In the last two years, the HCD has been openly violated by the NYPD at several protests, including Khalid Mohammed's Million Youth March in Harlem, the Ku Klux Klan's rally in Manhattan, and the May Day rally at Union Square. (For information on the last of the three, see the SCP's report on its action that day.) In each case, the NYPD either used or allowed other police officers to use film and video cameras to record the faces of law-abiding demonstrators without getting the approval of the Handschu Authority. One can be sure that the pictures taken by these cameras can easily be added to computerized databases. The video cameras in the NYPD's arsenal are quite sophisticated: some of them can use microwave transmitters to relay live images to any receiving location within 300 miles. Press reports indicate that the NYPD has a van and two helicopters that are equipped with video-microwave transmitters, and that Manhattan is full of antennae and relay transmitters. But as a recent (and rather lame) anti-IMF/WB protest on Second Avenue and 44th Street showed, the NYPD still uses old-fashioned camcorders to identify protesters: they are wielded by officers from the Technical Assistance Response Unit (TARU), who comply with the Handschu Consent Decree and the Fourth Amendment by hiding their cameras in their pockets when they aren't being used.

Among the things the SCP hoped to accomplish by performing at a highly visible protest at City Hall was to photograph TARU officers in the act of photograhing or videotaping the SCP in violation of the HCD. But, except for a brief appearance by the "Pig Brother" van, which at about 6:20 pm rolled by but didn't stop at the demomstration, the TARU was not in evidence, either before or during the SCP's performance. Such is the situation of the SCP: to be both happy and disappointed that the "Red Squad" didn't show!

Despite this ironic, bitter-sweet turn of events, the SCP's performance was a great success, and was so for a variety of reasons. First and foremost, the performance -- in addition to being an effective exposure and denunciation of the city's surveillance cameras -- was a good working example of sympathetic but autonomous action. Unlike Fran Luck and the other wingnuts from the Housing Solidarity Alliance, the SCP collaborated in the rally -- the group was even photographed and videotaped for broadcast by NY1 News -- without ever trying to speak for it, change its tone or take it over. Second, the performance was presented by the largest number of SCPers ever assembled in one place. In attendance were Scott, Bill, Susan, Miranda, Gus, Kate Rebelfux, Gus, Kristin, Beth, Deb, and Ethan. Third, the performance introduced the SCP and its style of protest to several members of activist groups that had never seen or even heard about the group. These included members or individuals acting on behalf of Charas, the No Spray Coalition and the Green Party.
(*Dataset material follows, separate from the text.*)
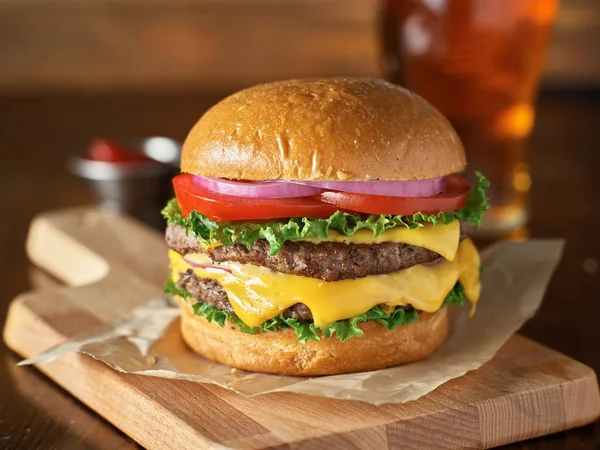 Dupla Sajtburgert Saláta Paradicsom Hagyma Sajt Amerikai — Stock Fotó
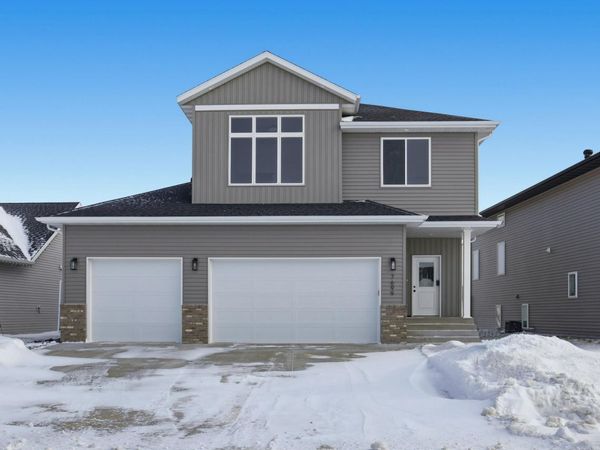 7699 Cub Creek Way, Horace, ND 58047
The entire proceedings were videotaped by Jed and Amanda, who are making a documentary on the SCP, and photographed by SCP member Scott.



Addendum: Report by Susan

As the rest of the SCP were holding up boards protesting unconstitutional surveillance in public spaces, I was giving out flyers with a map showing the locations of the surveillance cameras at City Hall & in the park. I spoke with one young black man who was very interested in the map & he picked right up on the fact that the cameras are used for racial profiling. He took some extra flyers to show his friends. I spoke with a couple from Holland who were aware of the surveillance problem especially in England where they said they had noticed the cameras are everywhere. They said that in Holland the citizens were included in the decision of where & when cameras can be used, and they agreed that the kind of total surveillance being perpetrated on the citizens of UK & US is a violation of civil rights. . . . I spoke to two young black men in hooded t-shirts who said nothing but nodded vigorously & took extra copies of the map as they went down to the subway. An older man wanted to know why I thought [so-called] SECURITY was bad, so I talked about the videotaping of demonstrators & the pre-emptive arrests of activists in Washington DC. He was there to complain about the rent increases, so he agreed that he wouldn't like to be profiled as an agitator.